§ EXERCISE OBJECTIVE
Take the data below and extract the lines from the one with "hofstein Plafonnier Sequeira" to the one with "Pspeaches Boys White", inclusive, exactly as written.

§ THE DATA
#####
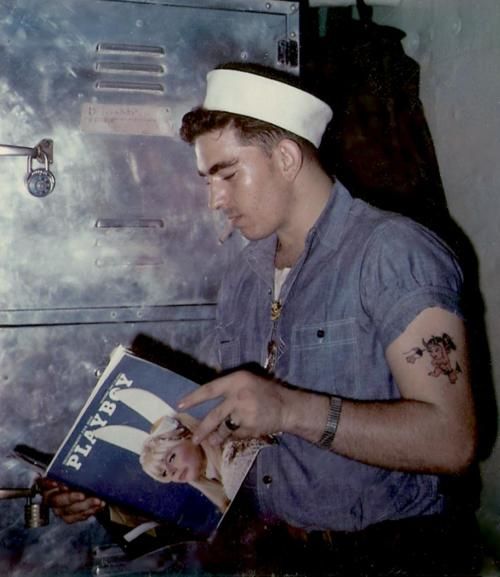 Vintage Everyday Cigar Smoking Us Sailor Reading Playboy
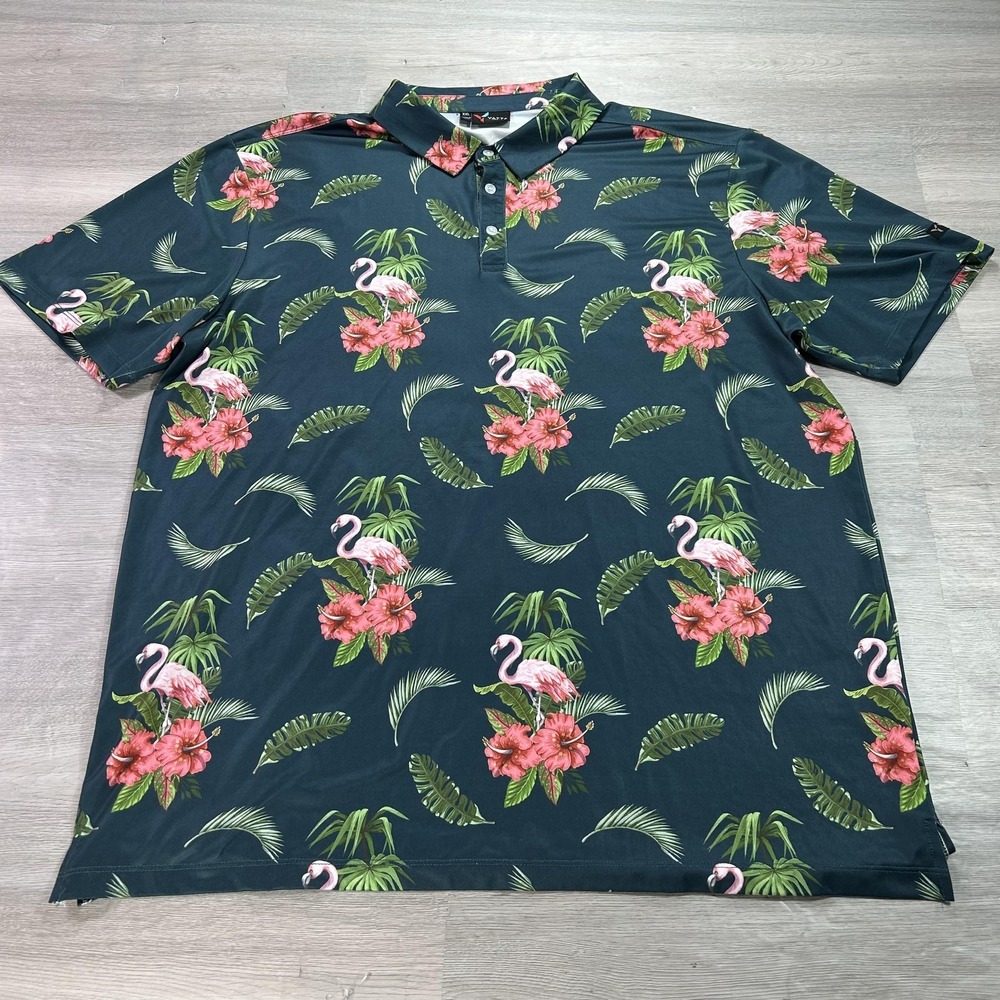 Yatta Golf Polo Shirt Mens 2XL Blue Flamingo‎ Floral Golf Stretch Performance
#####
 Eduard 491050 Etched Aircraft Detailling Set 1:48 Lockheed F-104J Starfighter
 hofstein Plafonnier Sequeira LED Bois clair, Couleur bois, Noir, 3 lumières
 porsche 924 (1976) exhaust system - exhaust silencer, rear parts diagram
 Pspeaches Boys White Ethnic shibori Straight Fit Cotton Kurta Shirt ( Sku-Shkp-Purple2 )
#####
§ EXERCISE ANSWER
 hofstein Plafonnier Sequeira LED Bois clair, Couleur bois, Noir, 3 lumières
 porsche 924 (1976) exhaust system - exhaust silencer, rear parts diagram
 Pspeaches Boys White Ethnic shibori Straight Fit Cotton Kurta Shirt ( Sku-Shkp-Purple2 )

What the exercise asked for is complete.